Basil Cameron also conducted Cecil’s Pastoral Suite for Orchestra at Hastings on February 28, 1930, and performed another of his works, Spanish Rhapsody. As well as the Australian born Percy Grainger (1882-1961), Cecil was on friendly terms with other luminaries of light music including his life-long friend Clive Richardson (1909-98), also Roger Quilter (1887-1953), Richard Addinsell (1904-77), Vivian Ellis (1903-96) and Cedric King Palmer (1913-99), all of whom possessed a sound knowledge of classical music. For young Milner there were even more ambitious projects ahead. After translating G. Martinez Sierra’s Margarita en Ia Rueca from Spanish, he adapted the work into libretto for a two act opera Engracia, composed between 1930 and 1932. After Milner himself had conducted the aria from the opera at the prestigious Queen’s Hall in March 1932, Engracia was staged the following December in the Royal Academy of Music’s theatre under the baton of B. Walton O’Donnell. The well-known singer Janet Hamilton-Smith (later Bailey), who starred in the West End musical Song Of Norway in the 1940s, sang the aria on one of these occasions.

Cecil’s other compositions of this period included a Quartet for Strings in D minor, a Fugue in A minor, three songs for sopranos, and a String Quartet no 1 in G (Variations for Orchestra) performed in the Duke’s Hall of the Royal Academy. In September 1930 he was offered a sub-professorship at the Royal Academy, but turned it down perhaps because he was too busy or because he did not wish to seek publicity. It comes as a surprise then to learn that while making his name as a classical musician Cecil was a member of the five piece Eclipse Dance Orchestra for some five years and was equally proficient on saxophone (alto, soprano and tenor), clarinet, violin and viola, timpani and, of course, piano. He supplied orchestrations for the band. Should he now follow a career in classical music or look elsewhere for opportunities? On leaving his alma mater he caused some ripples by starting to arrange and compose music for stage, concert hall, and film. This was undoubtedly where the money was to be made, and Cecil hastened to follow several of his contemporaries into the business of orchestrating black and white movies and newsreels produced by the Gaumont British Picture Corporation from studios at Lime Grove in Shepherd’s Bush. Milner was part of a team that included the likes of Hans May, Hubert Bath, Jack Beaver, and Mischa Spoliansky, all ultimately well known in light music circles.

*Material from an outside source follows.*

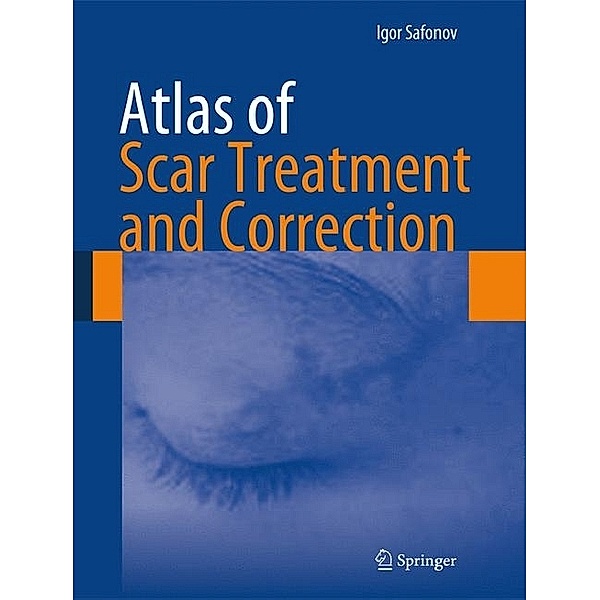 Atlas of Scar Treatment and Correction, Igor Safonov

Cecil married Phyllis Platel, a fellow student at the Royal Academy of Music, just before the outbreak of war at St Paul’s RC Church, Dover on August 12, 1939. A trade publication, the British Film and Television Yearbook (1955-56) lists Cecil as the composer and orchestrator of about 50 movies, including Alfred Hitchcock’s The Lady Vanishes, Hey Hey USA, Bank Holiday, The Citadel and They Drive by Night (all from 1938), Inspector Hornleigh, So This Is London, Murder Will Out, Confidential Lady (all in 1940), Dressed to Kill, The Good Old Days, Carnival, Neutral Port, For Freedom, I Thank You, George & Margaret, Two For Danger, That’s The Ticket, The Briggs Family, The Midas Touch, and Hoots Mon. He was associated, too, with Denham Studios for Busman’s Honeymoon and the Gilbert and Sullivan company for A Window in London, both in 1940. In his long career Cecil scored for British Lion, MGM, Twentieth Century, Errol Flynn Theatre movies and the Douglas Fairbanks Jr. series of TV films. His incidental music was used in Gaumont newsreels, Pathé Pictorials, BBC and ITV newsreels, documentaries and advertising features.

Milner’s work for Louis Levy at Gaumont British continued in difficult circumstances throughout the War. In the early 1950s several of Cecil’s mood music library titles were extensively featured in American movie productions. Although film music was his forte, he was also part of the light music scene for many years, including a lengthy and successful association with Mantovani, whose career had taken off after Ronald Binge’s arrangement of Charmaine had become a roaring success in America. After Binge’s departure in 1952, Monty asked Cecil to join him. By now well known in music circles, Cecil probably felt that he was privileged to join Mantovani, as this would help keep him in full employment. Their first collaboration was the eventual million selling Strauss Waltzes album in September 1952. Cecil’s busiest period seems to have been in the late forties and early fifties when he composed and arranged for several mood music libraries.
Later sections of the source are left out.